As of April 9, 2013, we are $469,922.50 in debt (that includes the mortgage). Without the mortgage, we’re at $45,405.71 in debt. This includes credit cards, student loans, lines of credit and an auto loan. We currently have $924,691.81 in assets (including our house). Our retirement accounts are at $279,886.34. Our Net Worth is $454,769.31 (includes house and mortgage), down from $455,341.70 last month (0.13% decrease).

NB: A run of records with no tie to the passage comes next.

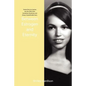 Between Estrogen and Eternity: Stories from My Journey Into the Often Dark, Sometimes Mysterious and Always Unpredictable Years.. - Paperback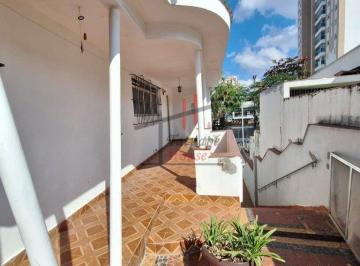 16268_i16Jrjp5Z5J_16268689a386653196.jpg · Vende Casa 3 quartos - 3 vagas - Vila Formosa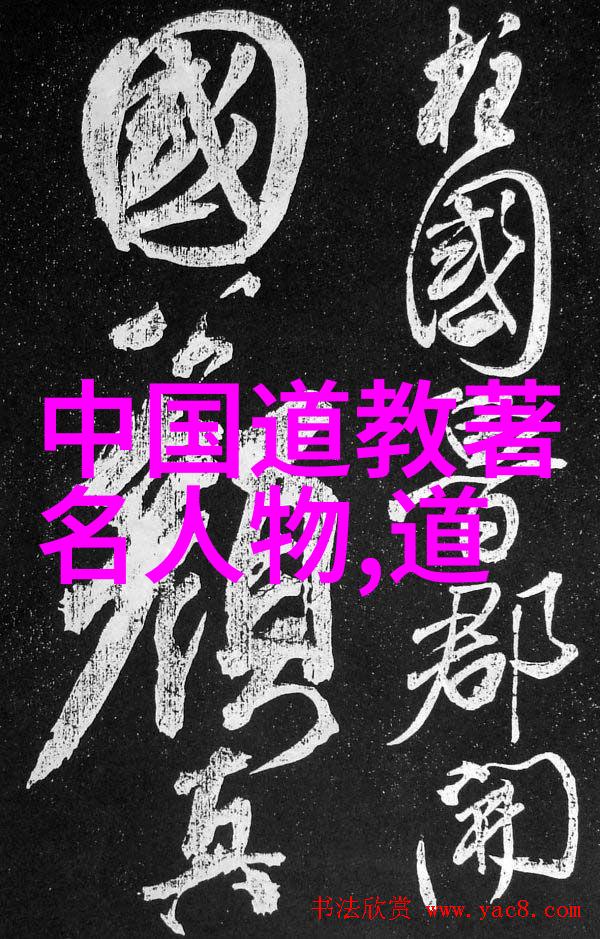 你知道吗中国竟然还有50处如此璀璨的古建筑等着我们去探索呢来宾的运江古镇建筑群就是其中的一员这样的历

Our overall net worth decreased a little this month as I updated our car values through KBB. My car lost about 5k in value (considering it’s a 2012 model, I think that’s pretty good), while our house lost some value as well – according to Zillow anyway. I realize that it’s not perfect, but it should be in the ballpark, and we have no intentions of selling the house anytime soon, so I’m too lazy to run the comparables 🙂
Our retirement accounts did OK this month (up 1.77%); I changed my withholding to 5% in a 401(k) and 1% in a 401(k) Roth account, since we make too much to contribute to a Roth otherwise. It lets us hedge our bets on taxes in retirement. But we’ve evened out our new paychecks, so I have a better idea of how much money is coming in.
Our electric bill has increased by about $40-$50/mth to run the humidifier, but we think it’s worth it, so we’ll keep paying it. And it’s almost 85F here today, so we’ve had the heat pump turned off the last 3 days and the windows open. We probably won’t turn on the heat part of the system again until next season. Once humidity levels start to climb though, the A/C will be on.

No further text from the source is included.